12. A process for preparing vinyl ester-ethylene copolymers, comprising:

performing radically initiated polymerization of vinyl esters, ethylene and optionally further ethylenically unsaturated monomers in an aqueous medium at a pressure of 5 to 120 bar abs.;

performing a stage a) wherein a polymerization mixture is depressurized to a pressure of 1 to 15 bar abs., producing an ethylene-containing gas phase and an aqueous phase containing vinyl esters and vinyl ester-ethylene copolymers;

performing a stage b) wherein the ethylene-containing gas phase from stage a) is separated off, then absorbed into vinyl esters and the mixture thus obtained is used in the radically initiated polymerization of vinyl esters, ethylene and optionally further ethylenically unsaturated monomers; and

performing a stage c) wherein the aqueous phase from stage a) is depressurized to a pressure of 0.1 to 0.5 bar abs., forming a gas phase containing vinyl esters and water, which has a temperature of 50° C. to less than 80° C. and is separated off, then condensed and then used in the radically initiated polymerization of vinyl esters, ethylene and optionally further ethylenically unsaturated monomers.

13. The process of claim 12, wherein the ethylene-containing gas phase of stage a) contains ≥75% by weight of ethylene, based on the total weight of the ethylene contained in the polymerization mixture of stage a).

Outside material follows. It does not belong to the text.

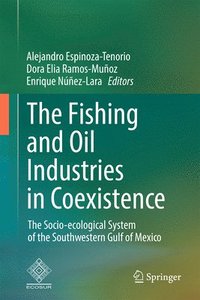 bokomslag The Fishing and Oil Industries in Coexistence: The Socio-Ecological System of the Southwestern Gulf of Mexico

14. The process of claim 12, wherein the gas phase of stage a) contains ≤20% by weight of vinyl ester, based on the total weight of the vinyl esters contained in the polymerization mixture of stage a).

15. The process of claim 12, wherein the depressurization in stage a) and/or stage c) is performed adiabatically.

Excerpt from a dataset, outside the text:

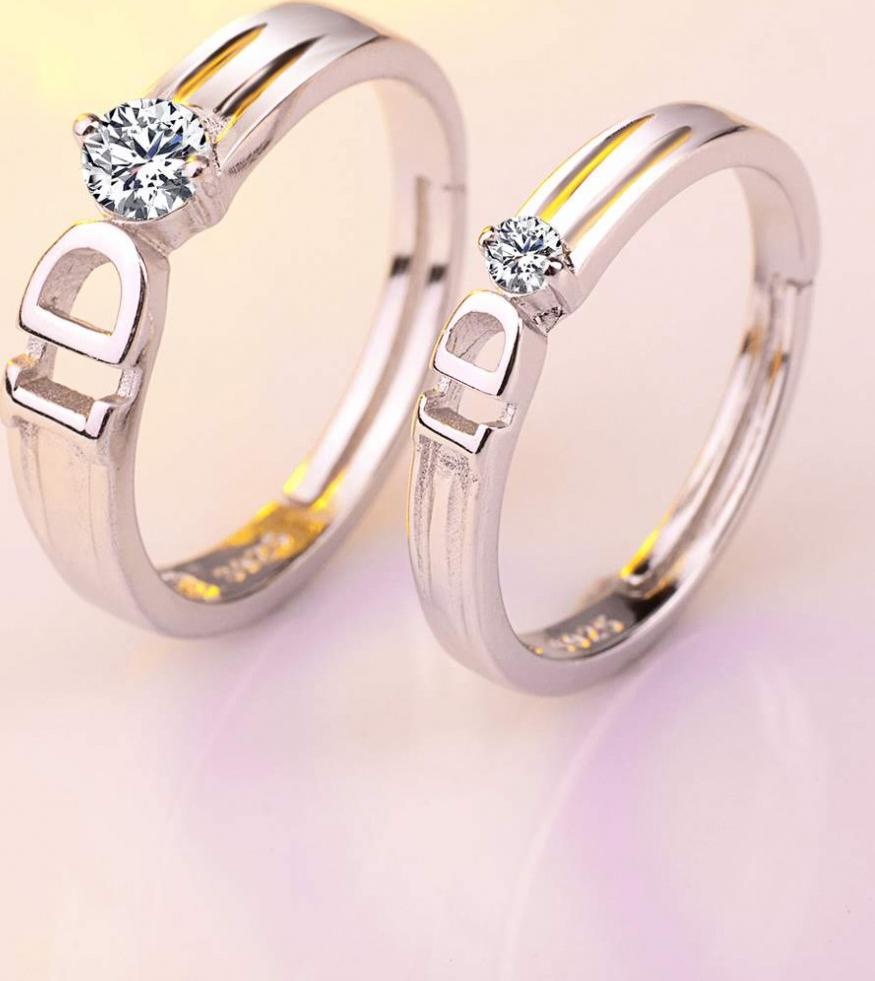 Cặp nhẫn bạc Panmila đính đá (TS-ND-PAJ040)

16. The process of claim 12, wherein the gas phase formed in stage c) and containing vinyl esters and water has a temperature of 50° C. to less than 75° C.

17. The process of claim 12, wherein the condensation in stage c) is performed at a temperature of 0° C. to 15° C.

18. The process of claim 12, wherein the condensation in stage c) is performed in two stages; and

wherein the first stage is performed at a temperature of 15° C. to 40° C. and the second stage is performed at a temperature of 0° C. to less than 15° C.

19. The process of claim 12, wherein the condensate of stage c) contains 25% to 75% by weight of vinyl esters, based on the total weight of the condensate of stage c).

20. The process of claim 12, wherein the condensate of stage c) contains 25% to 75% by weight of vinyl esters, based on the total weight of the vinyl esters that were contained in the aqueous phase of stage a) containing vinyl esters and vinyl ester-ethylene copolymers.

21. The process of claim 12, wherein energy is supplied to the aqueous phase from stage a) in stage c) and the condensate of stage c) contains 50% to 100% by weight of vinyl esters, based on the total weight of the vinyl esters that were contained in the aqueous phase of stage a) containing vinyl esters and vinyl ester-ethylene copolymers.

22. The process of claim 12, wherein the aqueous phase from stage a) and/or the aqueous phase from stage c) are/is subject to a postpolymerization or stripping.